Provided records below:

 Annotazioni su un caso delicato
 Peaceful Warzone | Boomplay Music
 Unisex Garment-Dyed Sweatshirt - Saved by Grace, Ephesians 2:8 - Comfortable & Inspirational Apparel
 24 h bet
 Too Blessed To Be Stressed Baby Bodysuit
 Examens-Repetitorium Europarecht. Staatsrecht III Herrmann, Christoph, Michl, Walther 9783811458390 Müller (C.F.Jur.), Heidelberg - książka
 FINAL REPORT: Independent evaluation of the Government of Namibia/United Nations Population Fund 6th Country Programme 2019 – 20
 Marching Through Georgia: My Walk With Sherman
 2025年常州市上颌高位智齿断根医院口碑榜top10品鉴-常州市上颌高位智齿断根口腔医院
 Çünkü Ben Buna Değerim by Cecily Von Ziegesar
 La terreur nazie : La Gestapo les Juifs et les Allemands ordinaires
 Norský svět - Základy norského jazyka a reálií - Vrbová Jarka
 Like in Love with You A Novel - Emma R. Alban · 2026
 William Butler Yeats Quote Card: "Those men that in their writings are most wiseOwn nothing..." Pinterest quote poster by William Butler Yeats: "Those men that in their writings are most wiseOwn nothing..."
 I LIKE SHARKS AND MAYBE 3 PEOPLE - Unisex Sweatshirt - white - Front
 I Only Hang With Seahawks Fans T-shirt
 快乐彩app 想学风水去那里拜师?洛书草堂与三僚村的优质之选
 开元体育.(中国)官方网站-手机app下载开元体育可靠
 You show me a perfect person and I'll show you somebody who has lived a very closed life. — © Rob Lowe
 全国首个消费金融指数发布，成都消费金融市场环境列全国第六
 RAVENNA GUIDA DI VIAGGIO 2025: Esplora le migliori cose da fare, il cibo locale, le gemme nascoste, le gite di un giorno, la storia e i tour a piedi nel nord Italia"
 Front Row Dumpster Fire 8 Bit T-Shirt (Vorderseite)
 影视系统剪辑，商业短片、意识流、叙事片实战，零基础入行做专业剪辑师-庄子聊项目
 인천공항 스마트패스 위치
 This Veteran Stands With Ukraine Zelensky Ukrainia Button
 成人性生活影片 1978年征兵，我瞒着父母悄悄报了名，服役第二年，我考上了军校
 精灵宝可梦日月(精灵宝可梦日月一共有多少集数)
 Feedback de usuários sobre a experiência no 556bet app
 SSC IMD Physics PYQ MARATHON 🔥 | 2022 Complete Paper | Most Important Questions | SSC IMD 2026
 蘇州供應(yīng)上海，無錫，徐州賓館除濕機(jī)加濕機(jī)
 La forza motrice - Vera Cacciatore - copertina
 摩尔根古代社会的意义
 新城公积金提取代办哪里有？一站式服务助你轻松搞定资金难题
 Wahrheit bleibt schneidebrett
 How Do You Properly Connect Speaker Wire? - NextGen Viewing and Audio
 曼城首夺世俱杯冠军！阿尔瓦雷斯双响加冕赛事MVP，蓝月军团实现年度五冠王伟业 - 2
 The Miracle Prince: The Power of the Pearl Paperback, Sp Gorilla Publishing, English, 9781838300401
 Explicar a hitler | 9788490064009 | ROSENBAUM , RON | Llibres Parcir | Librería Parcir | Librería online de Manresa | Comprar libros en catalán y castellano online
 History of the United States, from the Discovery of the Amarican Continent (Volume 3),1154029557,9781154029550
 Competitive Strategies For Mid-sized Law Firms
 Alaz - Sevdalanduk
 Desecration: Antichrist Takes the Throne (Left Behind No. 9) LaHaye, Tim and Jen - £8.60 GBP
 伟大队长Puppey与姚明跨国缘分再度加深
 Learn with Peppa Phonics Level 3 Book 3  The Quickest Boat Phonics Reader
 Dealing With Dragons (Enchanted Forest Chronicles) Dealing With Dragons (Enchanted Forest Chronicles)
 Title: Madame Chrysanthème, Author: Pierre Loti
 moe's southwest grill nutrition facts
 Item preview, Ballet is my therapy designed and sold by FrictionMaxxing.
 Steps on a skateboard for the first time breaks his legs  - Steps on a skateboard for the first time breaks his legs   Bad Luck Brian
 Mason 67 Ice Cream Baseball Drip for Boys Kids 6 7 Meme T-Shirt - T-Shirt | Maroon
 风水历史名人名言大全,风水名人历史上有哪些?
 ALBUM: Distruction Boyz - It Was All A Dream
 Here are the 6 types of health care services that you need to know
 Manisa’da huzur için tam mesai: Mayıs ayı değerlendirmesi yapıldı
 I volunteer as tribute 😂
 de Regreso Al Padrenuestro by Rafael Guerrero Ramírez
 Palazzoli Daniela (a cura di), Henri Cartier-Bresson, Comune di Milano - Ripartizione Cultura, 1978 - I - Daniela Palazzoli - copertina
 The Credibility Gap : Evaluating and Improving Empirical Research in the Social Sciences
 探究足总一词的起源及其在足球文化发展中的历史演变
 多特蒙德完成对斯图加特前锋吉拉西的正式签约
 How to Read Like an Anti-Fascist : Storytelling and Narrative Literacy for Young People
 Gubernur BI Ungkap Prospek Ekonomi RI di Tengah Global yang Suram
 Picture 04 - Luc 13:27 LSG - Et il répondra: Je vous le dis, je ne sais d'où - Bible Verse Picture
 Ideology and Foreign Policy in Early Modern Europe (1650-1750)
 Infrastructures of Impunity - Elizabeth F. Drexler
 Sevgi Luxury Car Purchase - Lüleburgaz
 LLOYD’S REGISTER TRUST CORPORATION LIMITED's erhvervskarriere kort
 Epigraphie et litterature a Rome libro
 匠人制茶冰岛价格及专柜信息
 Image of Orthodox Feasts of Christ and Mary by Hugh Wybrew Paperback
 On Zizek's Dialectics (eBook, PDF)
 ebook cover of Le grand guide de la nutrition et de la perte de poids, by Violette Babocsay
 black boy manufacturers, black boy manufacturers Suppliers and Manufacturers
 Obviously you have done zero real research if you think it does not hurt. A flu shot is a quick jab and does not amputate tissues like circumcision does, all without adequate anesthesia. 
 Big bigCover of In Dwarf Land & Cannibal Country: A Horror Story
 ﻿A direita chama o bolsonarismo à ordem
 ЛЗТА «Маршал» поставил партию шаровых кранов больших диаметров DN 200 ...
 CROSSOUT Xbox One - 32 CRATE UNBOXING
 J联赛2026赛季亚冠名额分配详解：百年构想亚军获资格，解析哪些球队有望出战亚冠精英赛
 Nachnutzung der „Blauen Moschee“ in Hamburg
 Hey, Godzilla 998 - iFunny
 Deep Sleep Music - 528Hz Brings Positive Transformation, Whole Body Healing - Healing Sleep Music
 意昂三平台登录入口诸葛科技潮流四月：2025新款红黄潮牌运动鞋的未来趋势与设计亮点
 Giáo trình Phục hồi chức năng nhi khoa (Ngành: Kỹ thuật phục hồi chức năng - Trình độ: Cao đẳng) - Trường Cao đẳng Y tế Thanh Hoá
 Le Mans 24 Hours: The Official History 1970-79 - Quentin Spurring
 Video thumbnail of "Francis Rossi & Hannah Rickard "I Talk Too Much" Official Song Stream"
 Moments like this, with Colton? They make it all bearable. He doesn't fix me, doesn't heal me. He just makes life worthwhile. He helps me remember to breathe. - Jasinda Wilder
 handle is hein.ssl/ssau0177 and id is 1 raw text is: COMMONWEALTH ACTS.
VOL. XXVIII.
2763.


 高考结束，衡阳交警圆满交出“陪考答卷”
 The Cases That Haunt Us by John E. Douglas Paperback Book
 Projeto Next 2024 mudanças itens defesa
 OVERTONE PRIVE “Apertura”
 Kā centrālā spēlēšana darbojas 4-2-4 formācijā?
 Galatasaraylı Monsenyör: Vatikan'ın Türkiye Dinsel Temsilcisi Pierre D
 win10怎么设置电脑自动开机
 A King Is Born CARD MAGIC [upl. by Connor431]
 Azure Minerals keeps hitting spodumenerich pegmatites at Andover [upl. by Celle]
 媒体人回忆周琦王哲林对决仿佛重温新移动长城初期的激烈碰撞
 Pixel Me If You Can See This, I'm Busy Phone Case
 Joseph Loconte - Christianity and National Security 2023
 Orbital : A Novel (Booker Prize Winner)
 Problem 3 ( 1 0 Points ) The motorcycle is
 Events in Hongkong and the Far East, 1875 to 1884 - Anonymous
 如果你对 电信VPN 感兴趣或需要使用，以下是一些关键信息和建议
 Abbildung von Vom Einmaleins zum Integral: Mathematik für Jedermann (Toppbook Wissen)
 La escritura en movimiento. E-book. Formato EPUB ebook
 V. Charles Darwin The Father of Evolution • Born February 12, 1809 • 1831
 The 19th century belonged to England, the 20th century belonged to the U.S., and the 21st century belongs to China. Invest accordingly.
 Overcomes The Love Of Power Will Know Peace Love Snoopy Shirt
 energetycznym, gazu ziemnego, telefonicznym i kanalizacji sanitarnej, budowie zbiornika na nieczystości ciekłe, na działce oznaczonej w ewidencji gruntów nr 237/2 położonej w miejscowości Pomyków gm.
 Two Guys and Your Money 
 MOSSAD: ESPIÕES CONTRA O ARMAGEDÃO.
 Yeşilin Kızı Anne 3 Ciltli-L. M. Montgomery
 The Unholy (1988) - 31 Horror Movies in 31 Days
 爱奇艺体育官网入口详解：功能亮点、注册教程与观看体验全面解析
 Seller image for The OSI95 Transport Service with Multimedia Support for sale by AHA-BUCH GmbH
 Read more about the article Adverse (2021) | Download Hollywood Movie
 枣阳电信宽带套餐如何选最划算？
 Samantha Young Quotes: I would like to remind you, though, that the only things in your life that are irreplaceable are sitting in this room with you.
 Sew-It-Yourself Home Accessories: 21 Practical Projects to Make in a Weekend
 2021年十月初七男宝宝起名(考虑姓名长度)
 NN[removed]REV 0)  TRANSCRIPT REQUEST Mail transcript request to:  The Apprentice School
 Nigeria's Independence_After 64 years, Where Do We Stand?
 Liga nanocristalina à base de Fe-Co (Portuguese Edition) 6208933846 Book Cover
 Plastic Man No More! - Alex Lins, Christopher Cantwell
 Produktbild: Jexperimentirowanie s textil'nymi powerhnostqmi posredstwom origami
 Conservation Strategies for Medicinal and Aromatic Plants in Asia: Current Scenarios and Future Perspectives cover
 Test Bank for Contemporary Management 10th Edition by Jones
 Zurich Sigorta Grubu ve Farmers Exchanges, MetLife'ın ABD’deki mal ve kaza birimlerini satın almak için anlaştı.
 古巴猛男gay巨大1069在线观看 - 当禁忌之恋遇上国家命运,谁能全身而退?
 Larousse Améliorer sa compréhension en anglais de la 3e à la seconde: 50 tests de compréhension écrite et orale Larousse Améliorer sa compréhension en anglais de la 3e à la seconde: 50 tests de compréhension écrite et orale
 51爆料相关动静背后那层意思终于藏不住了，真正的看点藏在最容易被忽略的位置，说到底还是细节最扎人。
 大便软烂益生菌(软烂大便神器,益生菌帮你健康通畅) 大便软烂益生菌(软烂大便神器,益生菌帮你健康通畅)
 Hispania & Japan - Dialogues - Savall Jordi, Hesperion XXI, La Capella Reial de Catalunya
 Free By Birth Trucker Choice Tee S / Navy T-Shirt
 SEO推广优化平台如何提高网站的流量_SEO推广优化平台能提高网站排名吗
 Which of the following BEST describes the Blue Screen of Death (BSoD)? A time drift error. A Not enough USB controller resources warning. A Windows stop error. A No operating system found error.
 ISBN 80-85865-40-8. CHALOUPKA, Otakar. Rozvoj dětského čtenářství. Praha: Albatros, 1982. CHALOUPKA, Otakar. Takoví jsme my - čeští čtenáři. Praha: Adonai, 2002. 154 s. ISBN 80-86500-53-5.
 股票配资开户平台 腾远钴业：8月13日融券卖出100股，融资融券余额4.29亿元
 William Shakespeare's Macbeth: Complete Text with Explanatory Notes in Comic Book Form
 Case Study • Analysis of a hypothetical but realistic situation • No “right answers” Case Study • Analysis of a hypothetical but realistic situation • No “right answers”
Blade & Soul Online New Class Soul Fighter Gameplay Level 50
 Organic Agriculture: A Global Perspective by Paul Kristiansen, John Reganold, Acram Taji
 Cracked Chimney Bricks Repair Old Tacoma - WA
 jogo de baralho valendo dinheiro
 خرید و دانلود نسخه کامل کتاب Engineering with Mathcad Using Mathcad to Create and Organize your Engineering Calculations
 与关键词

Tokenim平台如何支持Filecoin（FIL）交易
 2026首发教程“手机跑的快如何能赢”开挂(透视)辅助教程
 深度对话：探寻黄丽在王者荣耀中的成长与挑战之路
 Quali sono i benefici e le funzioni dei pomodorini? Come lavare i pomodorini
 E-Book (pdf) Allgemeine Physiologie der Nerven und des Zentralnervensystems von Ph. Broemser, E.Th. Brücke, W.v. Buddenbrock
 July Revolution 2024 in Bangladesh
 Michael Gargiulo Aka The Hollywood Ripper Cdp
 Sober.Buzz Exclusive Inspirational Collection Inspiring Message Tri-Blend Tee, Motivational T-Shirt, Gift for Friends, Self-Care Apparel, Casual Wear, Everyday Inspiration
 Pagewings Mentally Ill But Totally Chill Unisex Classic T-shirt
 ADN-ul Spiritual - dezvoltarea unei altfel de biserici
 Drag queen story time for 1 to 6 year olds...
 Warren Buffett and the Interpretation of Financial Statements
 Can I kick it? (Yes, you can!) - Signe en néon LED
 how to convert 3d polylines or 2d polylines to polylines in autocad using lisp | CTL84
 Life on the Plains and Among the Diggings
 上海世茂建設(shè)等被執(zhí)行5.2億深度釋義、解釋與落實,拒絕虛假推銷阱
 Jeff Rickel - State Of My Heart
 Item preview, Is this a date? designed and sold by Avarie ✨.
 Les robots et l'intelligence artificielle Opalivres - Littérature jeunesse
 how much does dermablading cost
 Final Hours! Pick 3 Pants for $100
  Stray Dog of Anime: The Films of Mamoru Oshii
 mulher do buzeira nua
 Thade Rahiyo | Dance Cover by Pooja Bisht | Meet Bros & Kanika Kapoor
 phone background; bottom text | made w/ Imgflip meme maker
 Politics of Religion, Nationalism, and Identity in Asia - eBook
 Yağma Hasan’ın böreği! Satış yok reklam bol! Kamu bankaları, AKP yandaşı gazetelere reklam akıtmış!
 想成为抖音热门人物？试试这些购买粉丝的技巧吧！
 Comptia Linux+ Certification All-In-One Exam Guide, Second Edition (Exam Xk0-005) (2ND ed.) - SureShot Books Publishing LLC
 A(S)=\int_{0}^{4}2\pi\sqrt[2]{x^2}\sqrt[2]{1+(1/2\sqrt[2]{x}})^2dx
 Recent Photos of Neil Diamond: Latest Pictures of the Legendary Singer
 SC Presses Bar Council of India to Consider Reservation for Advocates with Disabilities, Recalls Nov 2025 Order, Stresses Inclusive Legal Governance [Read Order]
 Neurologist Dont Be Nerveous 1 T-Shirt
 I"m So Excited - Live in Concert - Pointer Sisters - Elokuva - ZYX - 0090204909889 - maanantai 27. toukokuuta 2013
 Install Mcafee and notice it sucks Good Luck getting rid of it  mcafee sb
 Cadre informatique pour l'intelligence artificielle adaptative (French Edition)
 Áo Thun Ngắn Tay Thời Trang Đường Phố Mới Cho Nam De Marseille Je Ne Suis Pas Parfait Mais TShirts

End of Provided records.

### Problem
In the listing above, find the line with "J联赛2026赛季亚冠名额分" and the line with "A King Is Born"; output exactly those lines and all lines between them.

### Expected answer
 J联赛2026赛季亚冠名额分配详解：百年构想亚军获资格，解析哪些球队有望出战亚冠精英赛
 Nachnutzung der „Blauen Moschee“ in Hamburg
 Hey, Godzilla 998 - iFunny
 Deep Sleep Music - 528Hz Brings Positive Transformation, Whole Body Healing - Healing Sleep Music
 意昂三平台登录入口诸葛科技潮流四月：2025新款红黄潮牌运动鞋的未来趋势与设计亮点
 Giáo trình Phục hồi chức năng nhi khoa (Ngành: Kỹ thuật phục hồi chức năng - Trình độ: Cao đẳng) - Trường Cao đẳng Y tế Thanh Hoá
 Le Mans 24 Hours: The Official History 1970-79 - Quentin Spurring
 Video thumbnail of "Francis Rossi & Hannah Rickard "I Talk Too Much" Official Song Stream"
 Moments like this, with Colton? They make it all bearable. He doesn't fix me, doesn't heal me. He just makes life worthwhile. He helps me remember to breathe. - Jasinda Wilder
 handle is hein.ssl/ssau0177 and id is 1 raw text is: COMMONWEALTH ACTS.
VOL. XXVIII.
2763.


 高考结束，衡阳交警圆满交出“陪考答卷”
 The Cases That Haunt Us by John E. Douglas Paperback Book
 Projeto Next 2024 mudanças itens defesa
 OVERTONE PRIVE “Apertura”
 Kā centrālā spēlēšana darbojas 4-2-4 formācijā?
 Galatasaraylı Monsenyör: Vatikan'ın Türkiye Dinsel Temsilcisi Pierre D
 win10怎么设置电脑自动开机
 A King Is Born CARD MAGIC [upl. by Connor431]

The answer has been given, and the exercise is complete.